Words and images from ongoing political tussles signpost how mainstream political actors have proved inept in resisting the shift in the political agenda that Ayodhya set firm seal upon. Fighting to establish his political credentials, Rahul Gandhi, the inheritor of the Congress party, engaged recently in a conspicuous display of piety at the Somnath temple in Gujarat, the very temple whose inauguration his great-grandfather Jawaharlal Nehru had strenuously sought to stop the president of the republic from attending 1 . Smug in the stranglehold it has over Hindutva, the hard-line doctrine of political exclusion that has been its ticket to power, the ruling Bharatiya Janata Party (BJP) demanded proof of Rahul Gandhi’s religious identity. Spokespersons of the Congress sprang to the defence of their leader by insisting that Hindutva admits of no hard or soft versions. In the darkness that has enveloped politics since Ayodhya, all cats are grey.
For all the ethical bankruptcy in evidence, India’s claim to the loyalty of its citizens – as also its stature on the global stage -- comes from its posture as a country that glories in diversities.
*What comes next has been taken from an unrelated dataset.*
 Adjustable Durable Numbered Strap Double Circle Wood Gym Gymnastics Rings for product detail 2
Even in circumstances of extreme material deprivation, it affords room to a polyglot people of multiple faiths to go about their lives without impediment. Gross iniquities persist, as do the daily denials of basic dignity. India’s distinction has been in recognising, and from the moment of independence, setting a determined course towards correcting these social and economic disparities.
In 2004, the United Nations Development Programme (UNDP) chose “cultural freedom” as the theme of its annual report on human development. India was one among a handful of countries that earned lavish praise for its policies of social inclusion, represented among other things, in its well-established policies of affirmative action, multi-faith calendar of official holidays, pluralistic legal system and three-language policy in education 2 .
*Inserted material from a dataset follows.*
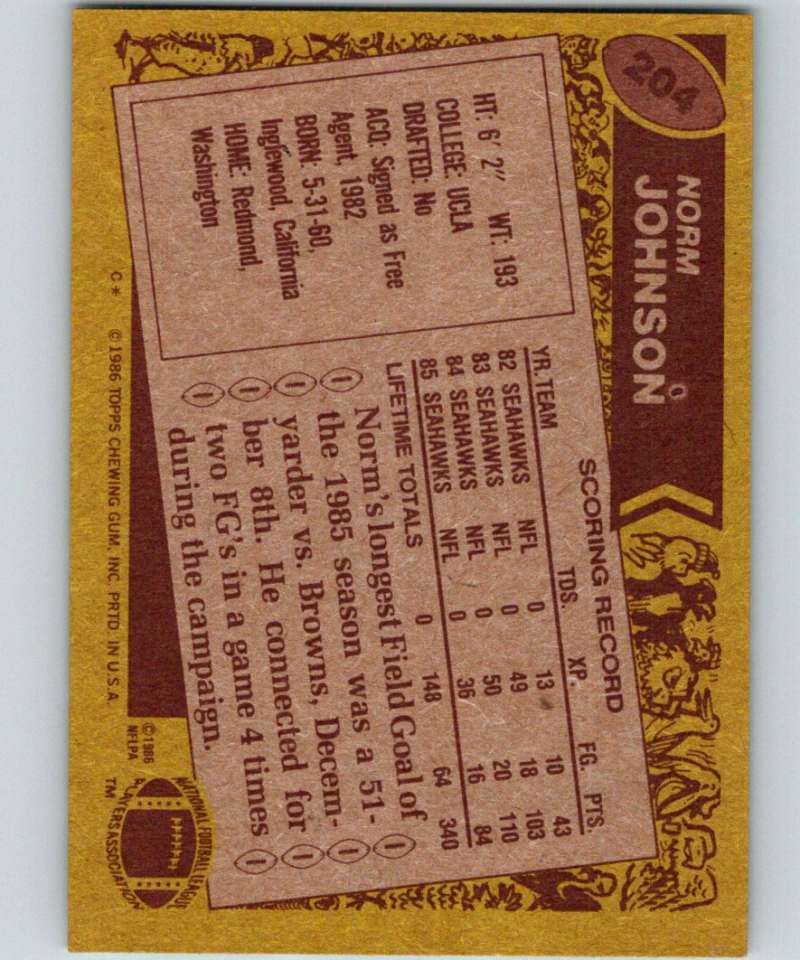 1986 Topps #204 Norm Johnson Seahawks NFL Football Image 2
These policies have not changed substantively, but then comes the paradox, one among many that are rife in India. In one survey after another in recent years, the media research organisation, Pew, has identified India as a country where social hostilities based on religion are among the most acute. In its most recent survey, involving the world’s most populous countries, India ranked highest in terms of the “social hostilities index”, though only in the “moderate” category in the measure of government restrictions on religion 3 .
Here then is a sharp divergence between the stated ends of official policy, and the actual social outcome. Is this an accidental divergence or part of a deeper design? Are state and society working at cross-purposes? Or is the declared intent to right every iniquity of a deeply fractured society a shallow pretence, when the reality is one of state connivance in their perpetuation?
In some sense, this contrast between state intent and societal outcome recalls B.R. Ambedkar’s famous words of 1949, as India’s Constituent Assembly rose after the formal adoption of its republican constitution. India, he said, was about to embark upon a life of contradictions. “In politics”, he said,
we will have equality and in social and economic life we will have inequality. In politics we will be recognising the principle of one man one vote and one vote one value. In our social and economic life, we shall, by reason of our social and economic structure, continue to deny the principle of one man one value. How long shall we continue to live this life of contradictions? 4 .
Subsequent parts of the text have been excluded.